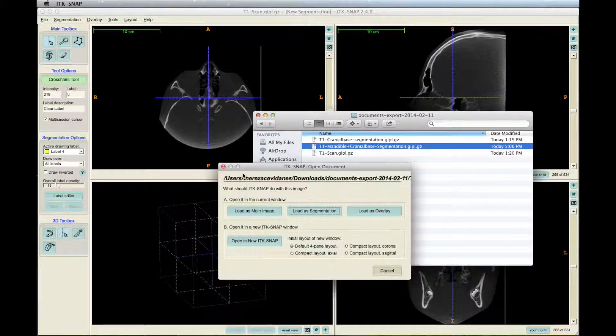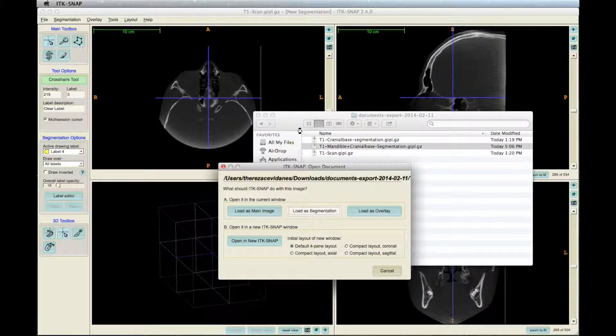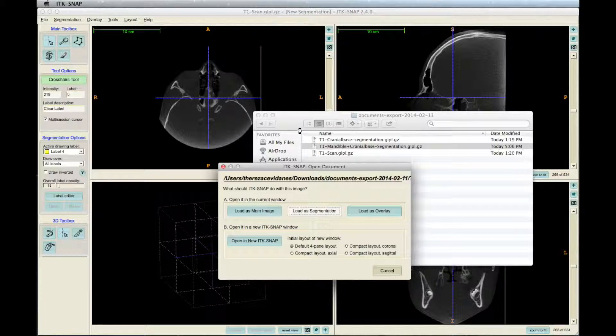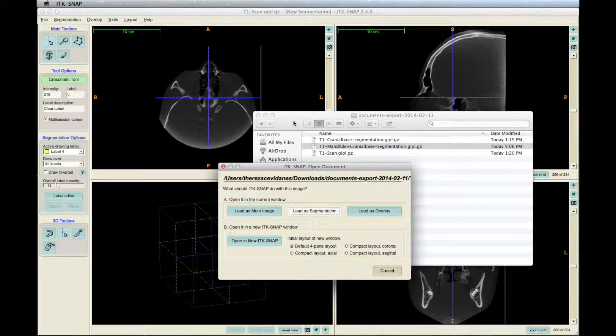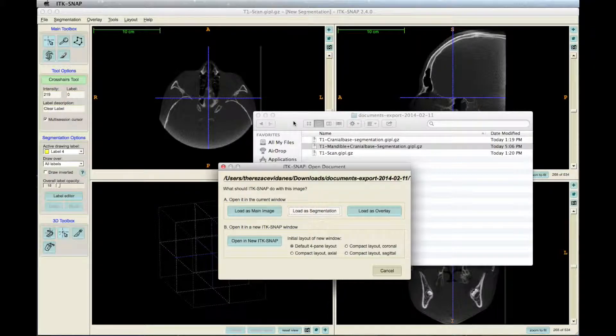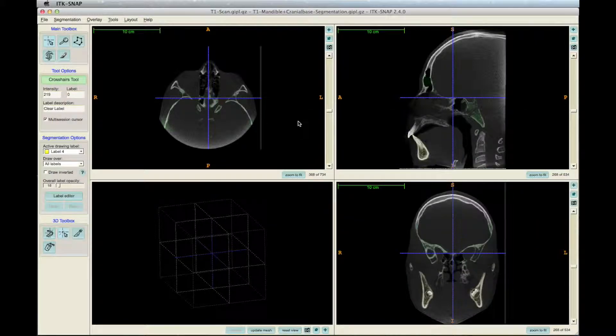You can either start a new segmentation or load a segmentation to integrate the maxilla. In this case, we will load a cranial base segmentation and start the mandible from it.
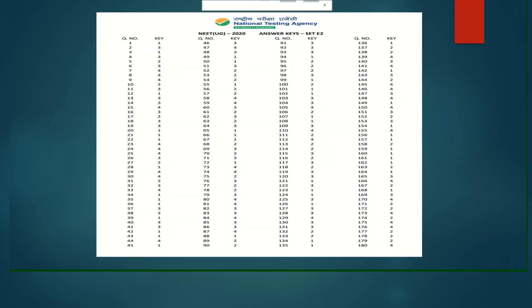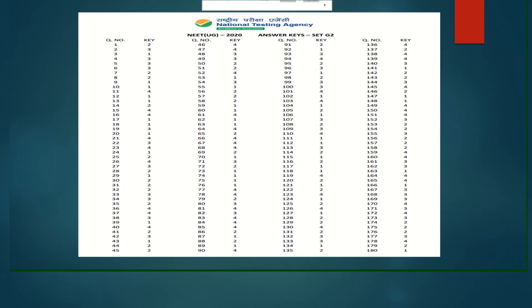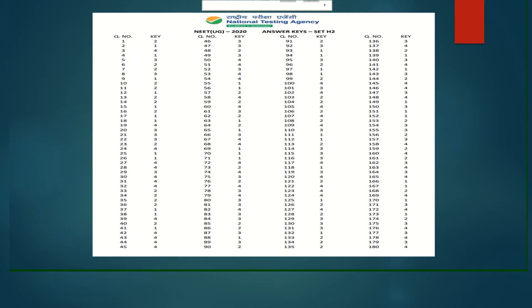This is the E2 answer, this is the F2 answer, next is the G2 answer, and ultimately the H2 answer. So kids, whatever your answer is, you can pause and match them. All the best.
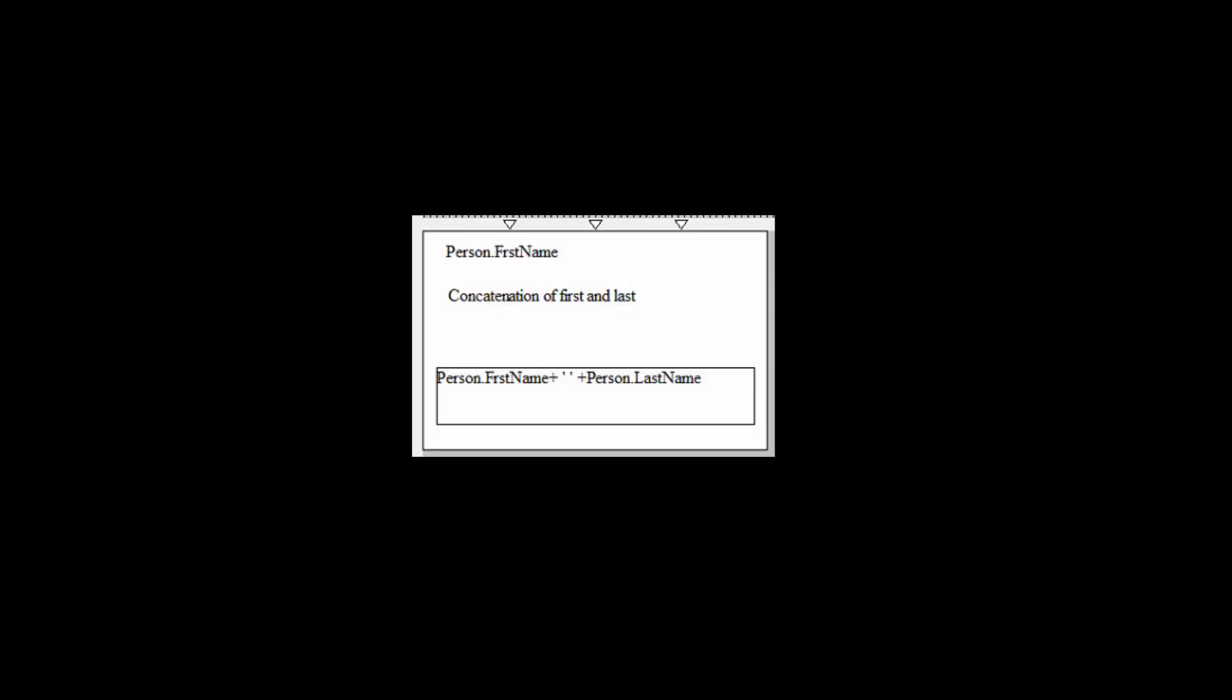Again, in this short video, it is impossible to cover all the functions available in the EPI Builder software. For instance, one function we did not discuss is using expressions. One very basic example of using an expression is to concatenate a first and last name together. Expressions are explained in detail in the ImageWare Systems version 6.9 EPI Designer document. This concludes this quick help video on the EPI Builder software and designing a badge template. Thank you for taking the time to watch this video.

==

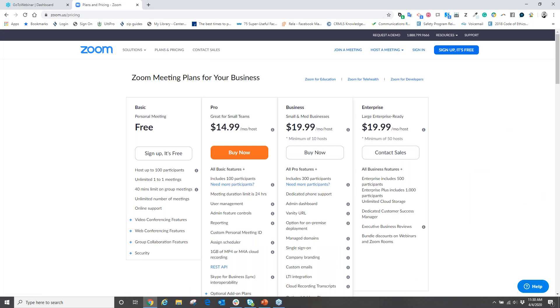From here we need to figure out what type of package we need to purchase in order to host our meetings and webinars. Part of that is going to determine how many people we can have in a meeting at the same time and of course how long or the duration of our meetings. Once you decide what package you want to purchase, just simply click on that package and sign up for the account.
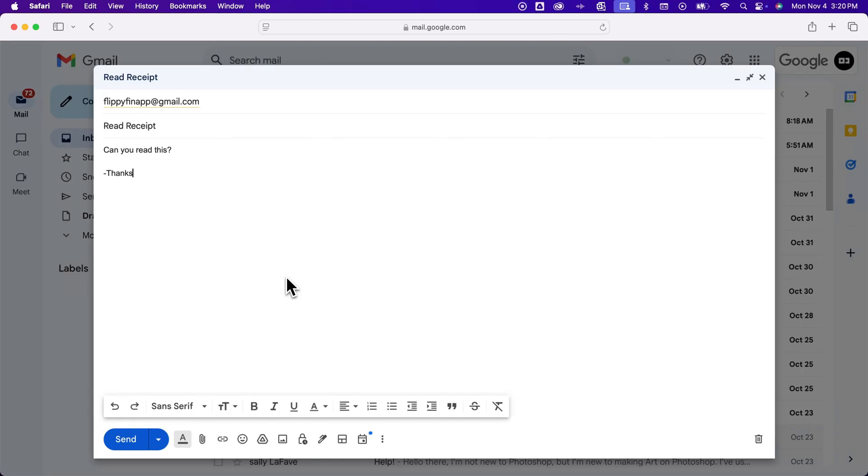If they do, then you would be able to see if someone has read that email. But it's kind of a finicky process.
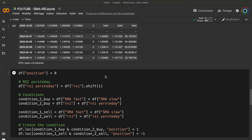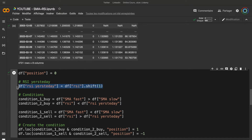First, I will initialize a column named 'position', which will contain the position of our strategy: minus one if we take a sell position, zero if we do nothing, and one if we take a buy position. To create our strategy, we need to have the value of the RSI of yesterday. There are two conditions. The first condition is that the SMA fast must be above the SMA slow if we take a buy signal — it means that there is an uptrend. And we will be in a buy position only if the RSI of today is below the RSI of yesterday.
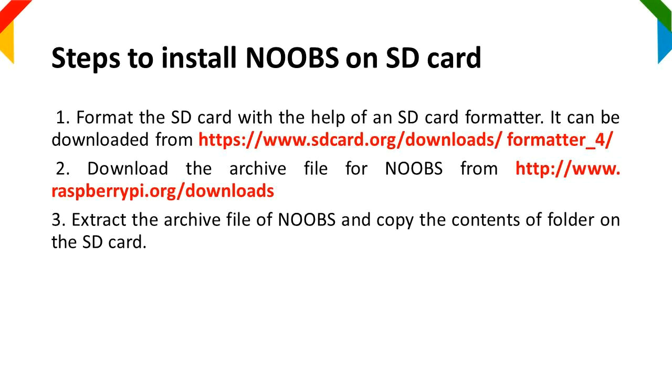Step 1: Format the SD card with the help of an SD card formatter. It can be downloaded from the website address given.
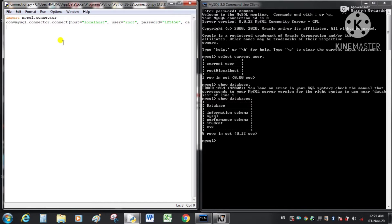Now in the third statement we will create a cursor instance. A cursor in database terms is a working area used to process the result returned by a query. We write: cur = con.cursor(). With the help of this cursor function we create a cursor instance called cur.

**Assignment**
Having found the line with "This is the E2" and the line with "Again, in this" in the material above, write out exactly those two and every line between, leaving the pictures out.

**Response area**
This is the E2 answer, this is the F2 answer, next is the G2 answer, and ultimately the H2 answer. So kids, whatever your answer is, you can pause and match them. All the best.
Again, in this short video, it is impossible to cover all the functions available in the EPI Builder software. For instance, one function we did not discuss is using expressions. One very basic example of using an expression is to concatenate a first and last name together. Expressions are explained in detail in the ImageWare Systems version 6.9 EPI Designer document. This concludes this quick help video on the EPI Builder software and designing a badge template. Thank you for taking the time to watch this video.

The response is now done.